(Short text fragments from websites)
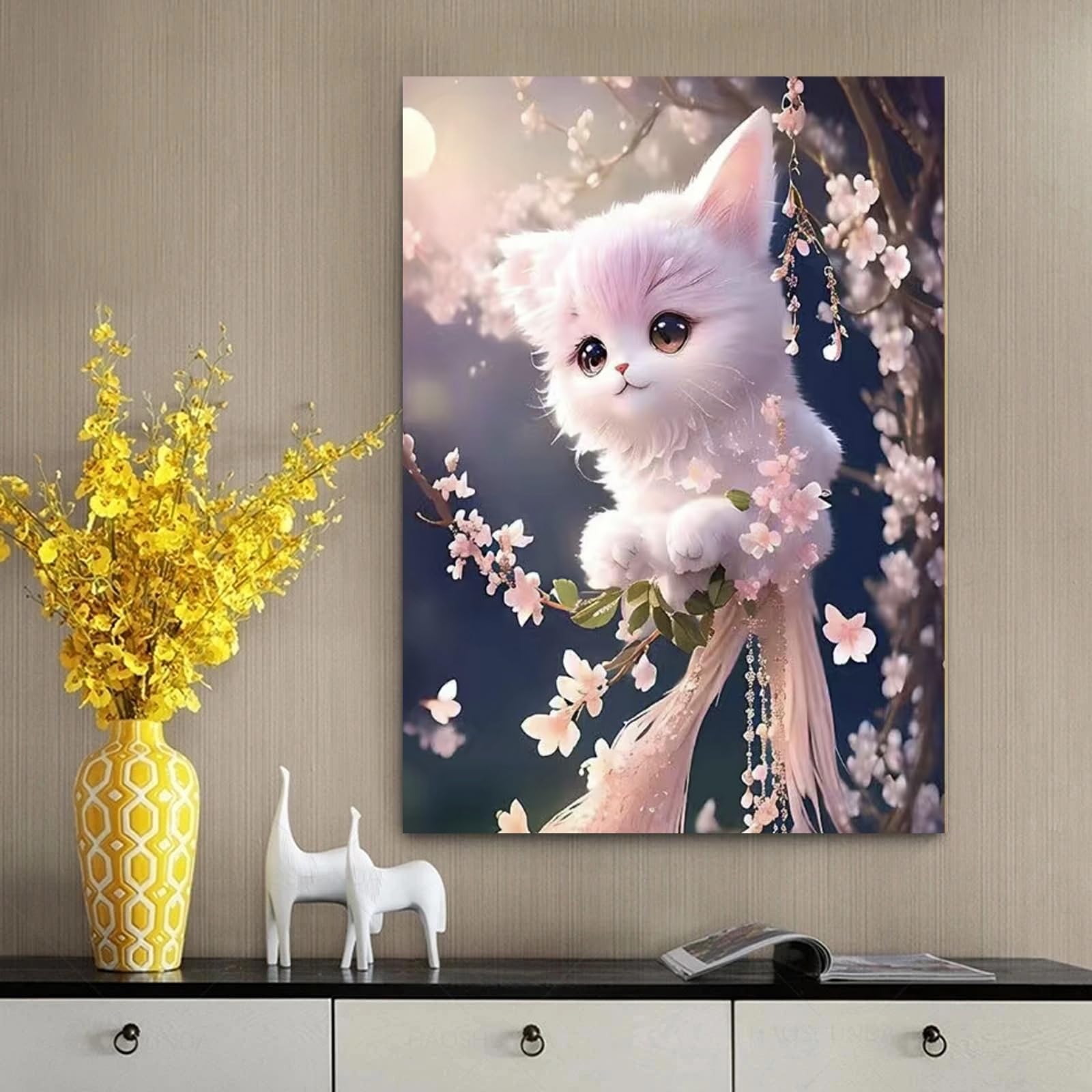 DIY 5D Diamant Malen Kit – Bunte Katze, Komplett Mit Strasssteinen, Leinwand 30x50 Cm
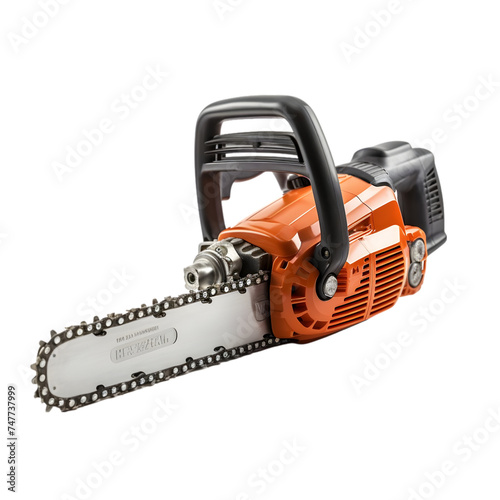 Modern chainsaw on transparent background png file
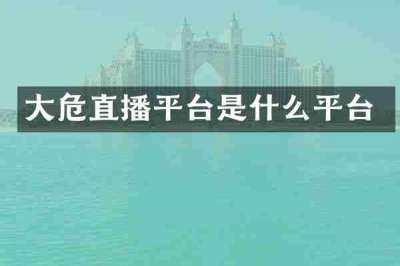 大危直播平台是什么平台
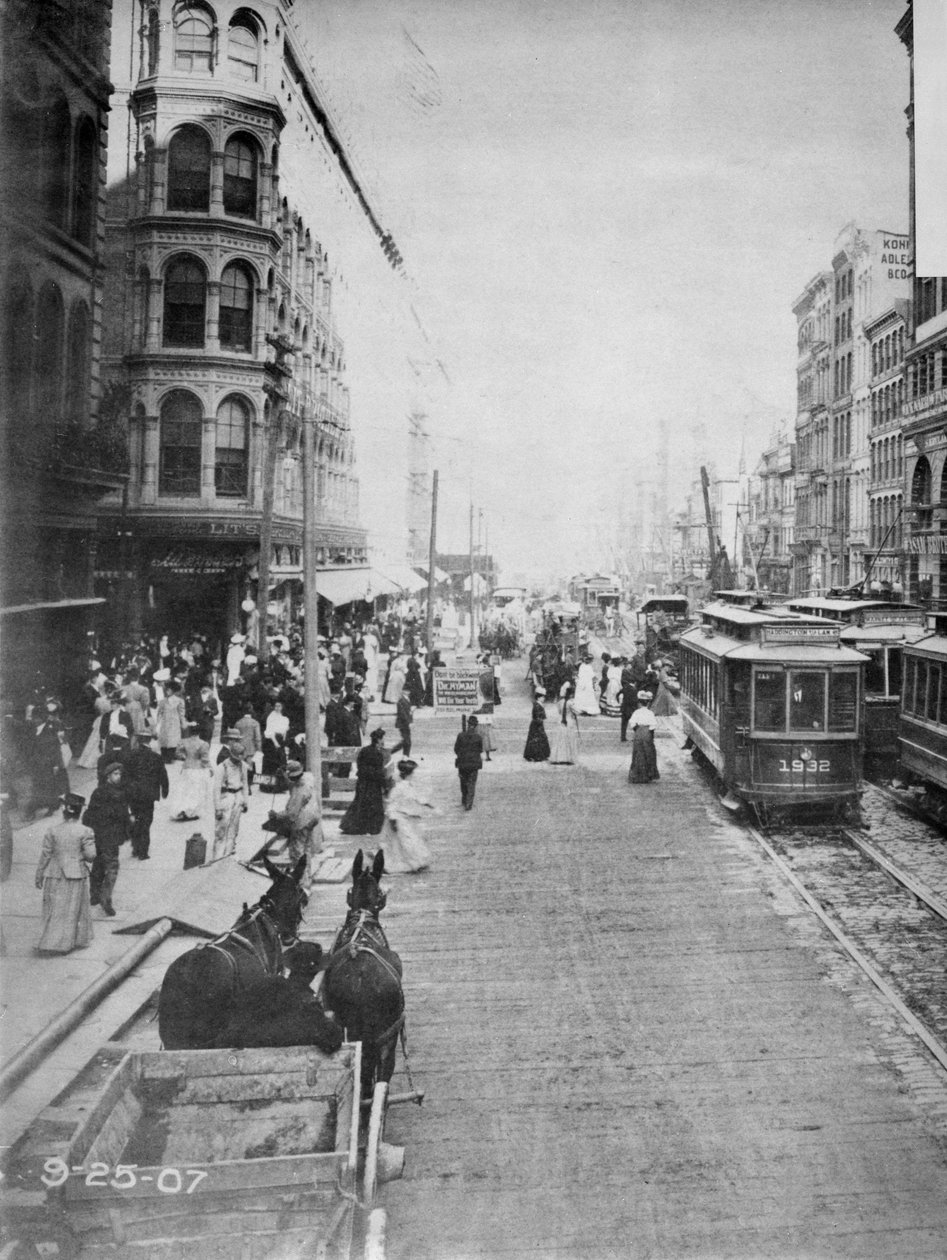 Market Street Looking East, da 7th Street, Filadélfia, 1907 de American Photographer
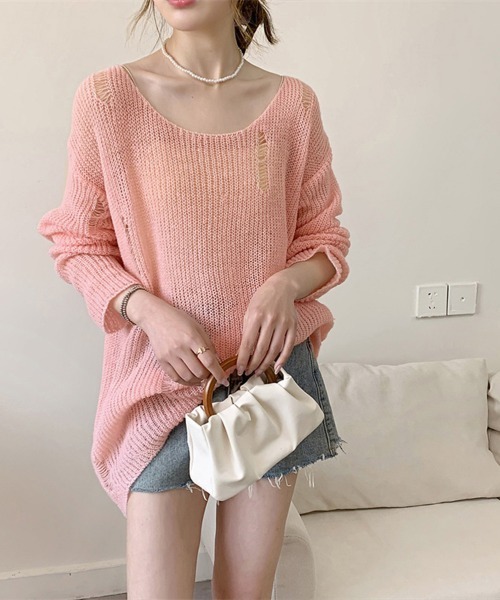 Miniministore（ミニミニストア）の「ニットトップス ダメージ入り ゆったり（ニット/セーター・レディース・ピンク/ダークグレー・FREE）」の2枚目の写真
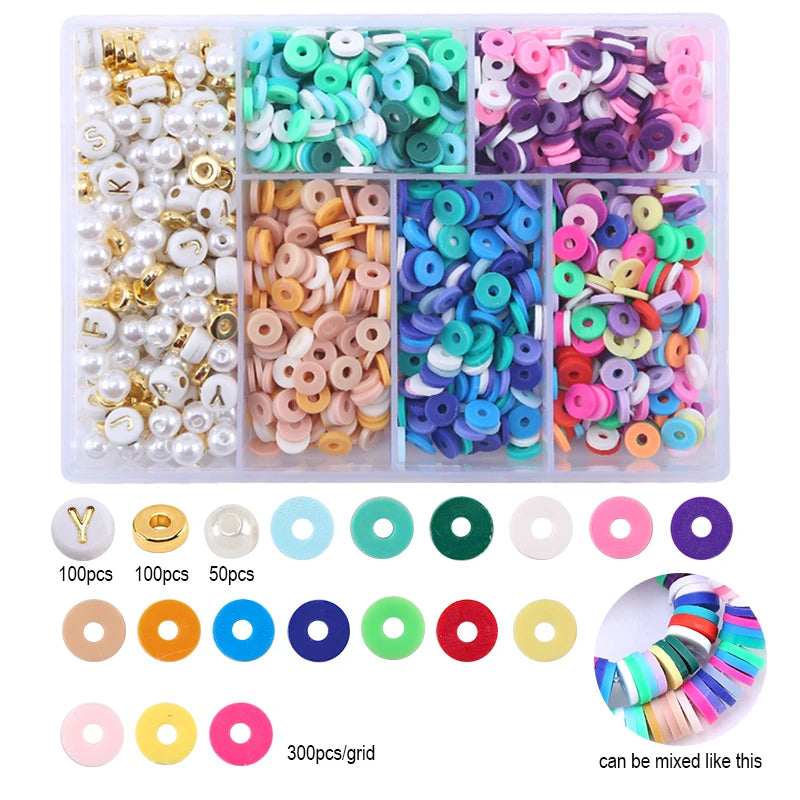6mm Flat Clay Beads Set With Pearl Letter Beads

● **TASK DESCRIPTION**
Return all records above verbatim without their pictures.

● **RESPONSE BOX**
 DIY 5D Diamant Malen Kit – Bunte Katze, Komplett Mit Strasssteinen, Leinwand 30x50 Cm
 Modern chainsaw on transparent background png file
 大危直播平台是什么平台
 Market Street Looking East, da 7th Street, Filadélfia, 1907 de American Photographer
 Miniministore（ミニミニストア）の「ニットトップス ダメージ入り ゆったり（ニット/セーター・レディース・ピンク/ダークグレー・FREE）」の2枚目の写真
6mm Flat Clay Beads Set With Pearl Letter Beads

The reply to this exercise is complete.